On Monday, Chinese Premier Li Qiang met with visiting Eritrean President Isaias Afwerki, emphasizing the need of “deepening mutually beneficial win-win cooperation and continuously enriching their strategic partnership” between the two countries.
Eritrea’s Red Sea position, between the Suez Canal and Europe to the north and the Arabian Gulf and the Indian Ocean to the southeast, may make it strategically important for China as it seeks to expand its influence in the Horn of Africa.
Djibouti, which Eritrea shares a border with, became the site of China’s first overseas military installation built by the People’s Liberation Army in 2017.

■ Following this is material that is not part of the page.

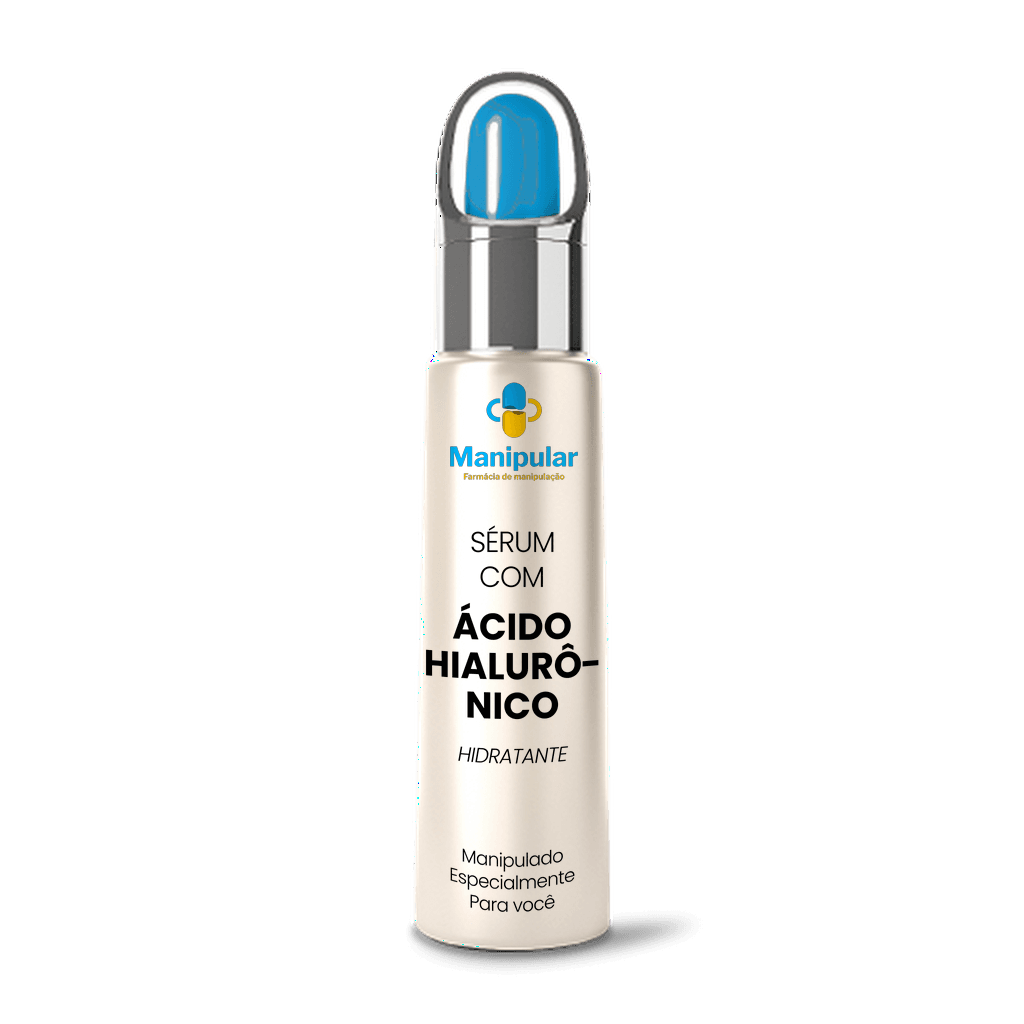 Ác. Hialurônico (5%)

Afwerki, who has been in power since Eritrea’s independence from neighboring Ethiopia in 1993, told Li that the People’s Republic of China’s efforts to foster a more just and equitable relationship between people and nations would inevitably result in global challenges and a rethinking of existing systems.

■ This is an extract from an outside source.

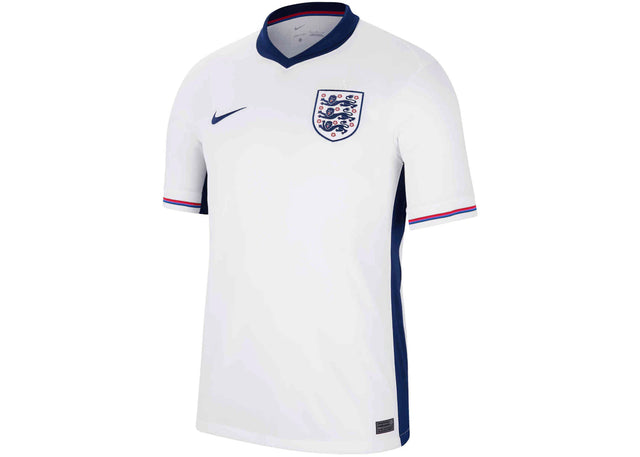 Nike England 2024/25 Home Fans Edition Jersey White/Old Blue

In March, it was revealed that Eritrea’s military forces had committed war crimes during the two-year conflict with Ethiopia’s northern Tigray region. The story, however, was denounced by Eritrea’s foreign ministry as “unsubstantiated and defamatory.”
Africa and the rest of the world, which has been neglected, “will heavily defend and expect more contributions from the People’s Republic of China,” according to Afwerki.